**DATA BLOCK:**
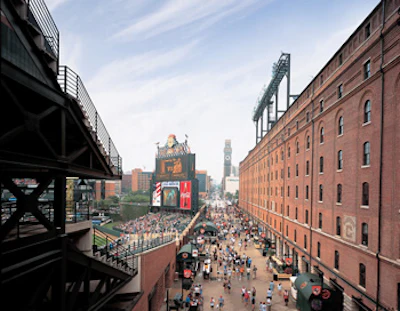 Right: Oriole Park at Camden Yards embraces its urban context [Photo courtesy of Populous]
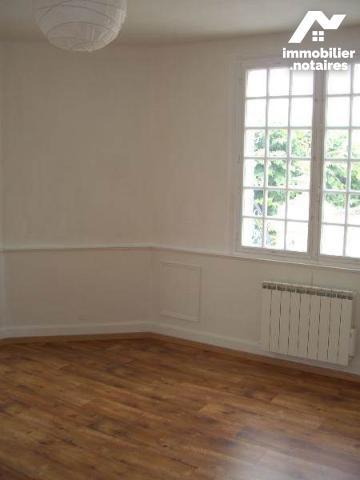 VENTE IMMEUBLE - JONZAC (17500)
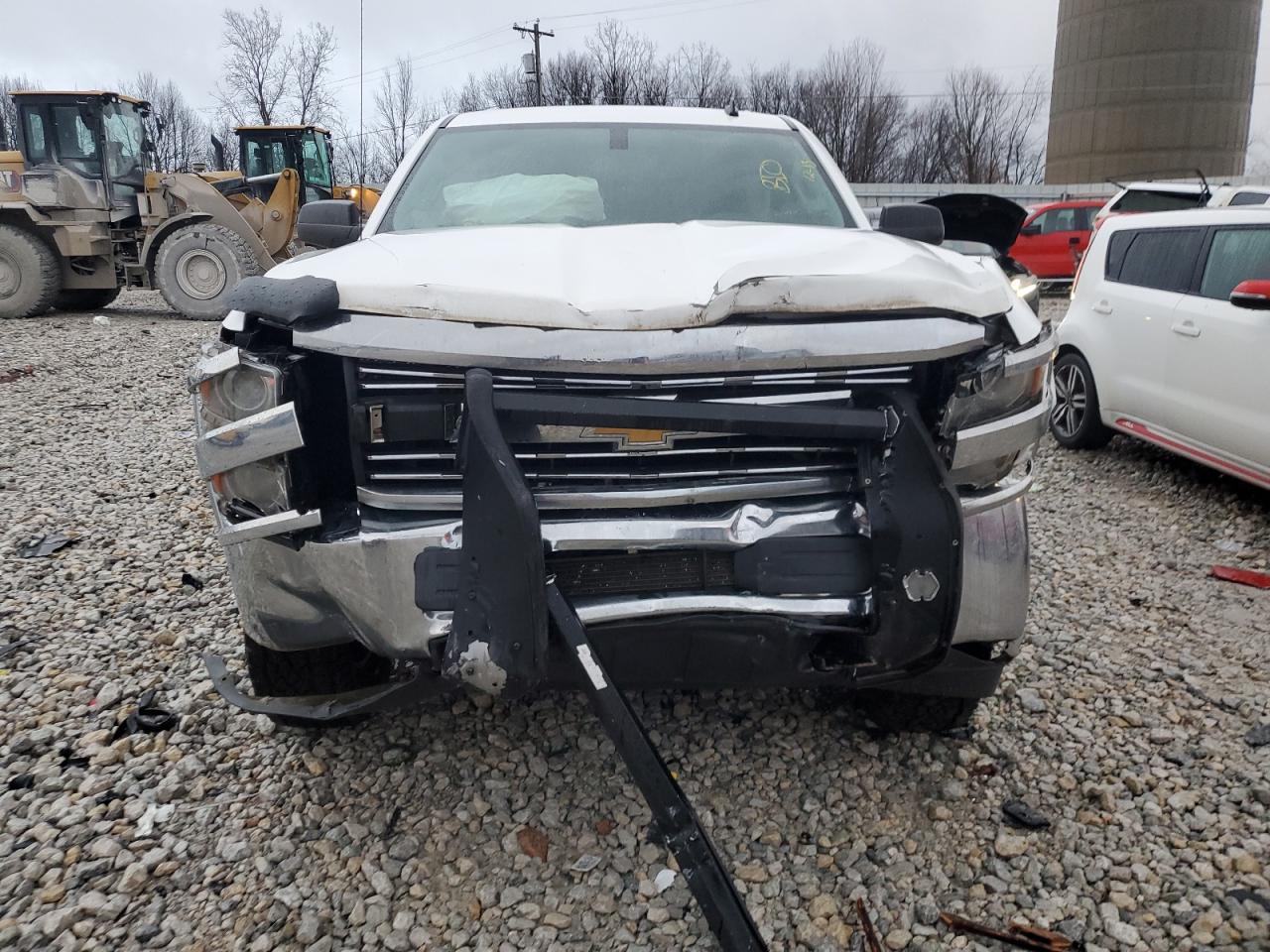 2015 CHEVROLET SILVERADO - Фото 5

**ASSIGNMENT:** With the pictures omitted, the material is to be transcribed exactly.

**TASK RESPONSE:**
 Right: Oriole Park at Camden Yards embraces its urban context [Photo courtesy of Populous]
 VENTE IMMEUBLE - JONZAC (17500)
 2015 CHEVROLET SILVERADO - Фото 5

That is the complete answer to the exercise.